Spenti i microfoni, chiusi i taccuini, sono immediatamente partiti i giudizi e le impressioni. In tanti, malgrado il mister nulla disse, hanno percepito che si sono trattate di parole di addio. In molti l’hanno criticato: “ma come, sul più bello, lascia?”. Abbandona una squadra che ha plasmato a sua immagine e somiglianza. Uno spogliatoio unito e compatto che l’ha sempre sostenuto e che, insieme al mister stesso, è riuscito a tirarsi fuori anche da qualche periodo di crisi che la squadra ha attraversato. Una squadra che, per stessa ammissione di Mazzarri, ha una grande anima. E con quell’anima, quanti risultati si sono riusciti ad ottenere. Per non parlare delle rimonte insperate e di quel crederci sempre fino all’ultimo.

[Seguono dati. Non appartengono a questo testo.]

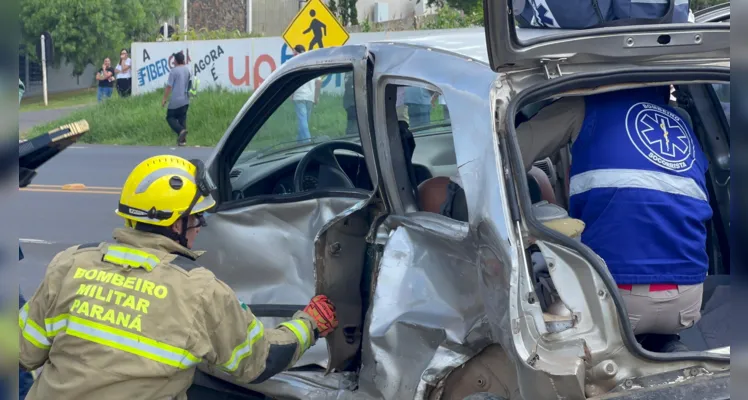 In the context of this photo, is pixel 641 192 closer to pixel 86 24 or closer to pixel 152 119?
pixel 152 119

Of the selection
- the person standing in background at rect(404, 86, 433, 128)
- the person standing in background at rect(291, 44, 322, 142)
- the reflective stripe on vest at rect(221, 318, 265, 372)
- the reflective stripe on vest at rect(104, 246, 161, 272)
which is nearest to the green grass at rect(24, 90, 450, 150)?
the person standing in background at rect(291, 44, 322, 142)

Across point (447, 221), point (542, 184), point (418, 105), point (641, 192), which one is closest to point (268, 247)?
point (418, 105)

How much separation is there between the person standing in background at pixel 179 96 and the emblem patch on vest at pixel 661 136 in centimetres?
1535

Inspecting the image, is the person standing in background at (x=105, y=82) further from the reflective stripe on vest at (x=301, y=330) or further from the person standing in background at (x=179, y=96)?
the reflective stripe on vest at (x=301, y=330)

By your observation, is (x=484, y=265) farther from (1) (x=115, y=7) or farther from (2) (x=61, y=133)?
(1) (x=115, y=7)

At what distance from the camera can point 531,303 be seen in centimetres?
269

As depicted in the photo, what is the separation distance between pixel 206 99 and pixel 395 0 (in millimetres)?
18421

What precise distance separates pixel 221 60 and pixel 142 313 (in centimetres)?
2167

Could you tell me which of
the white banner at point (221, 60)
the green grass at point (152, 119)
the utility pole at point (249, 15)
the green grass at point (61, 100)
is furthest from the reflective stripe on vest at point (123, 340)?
the utility pole at point (249, 15)

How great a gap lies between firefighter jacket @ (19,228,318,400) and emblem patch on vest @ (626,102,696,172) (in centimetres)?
147

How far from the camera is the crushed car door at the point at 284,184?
4.37 m

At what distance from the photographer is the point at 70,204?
39.3 feet

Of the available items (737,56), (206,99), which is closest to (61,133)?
(737,56)

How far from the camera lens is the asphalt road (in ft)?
29.4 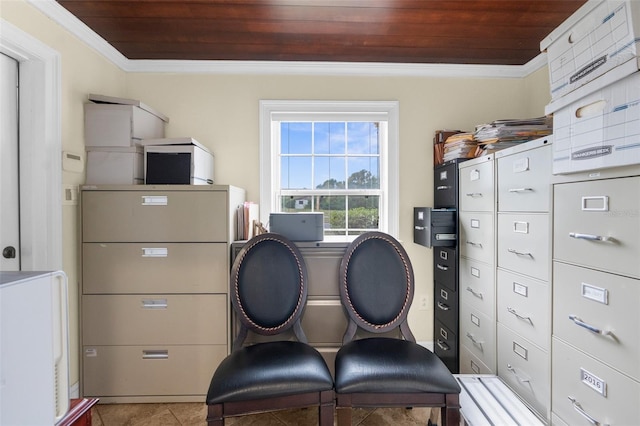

Altri hanno sostenuto che il mister non abbia le qualità e le capacità per lottare per i massimi traguardi. E l’hanno etichettato come un vincente a metà. E se invece, fossero venute meno le garanzia tecniche e di programmazione da parte della proprietà? A detta di tutti, questo organico, necessita di due - tre innesti di assoluto valore per poter competere ai massimi livelli almeno in Italia e, magari, ben figurare anche in Europa. E se i giocatori contattati dalla Società, non fossero del pieno gradimento del mister! L’offerta economica per trattenerlo, è un’offerta importantissima ma se il mister si fosse stancato di dover sempre “friggere il pesce con l’acqua”? Basta con gli Aronica e i Pazienza, stop ai Dossena e agli Yebda. E’ tempo di alzare l’asticella. Già lo scorso anno, tifosi e allenatore attesero il 31 agosto quel “giocatore più forte o di pari livello” del partente Lavezzi. L’attesa fu vana. Ci ritrovammo con Vargas e tutti ricordano come andò a finire.
Mazzarri parlò e nulla disse. Incalzato, pressato e provocato con domande circa il suo futuro, le ha abilmente dribblate tutte. Rimandando i presenti alla prossima conferenza stampa. Quando si spera che parli. E dica tutto, ma proprio tutto. Magari cantasse anche; anzi, gliele cantasse …
Poi si spera che la proprietà ci smentisca e faccia una campagna acquisti faraonica, iniziando con il tenere i migliori. Perché quel vogliamo vincere del Presidente prima di Napoli – Siena, è l’urlo di un’intera tifoseria. Di un intero popolo.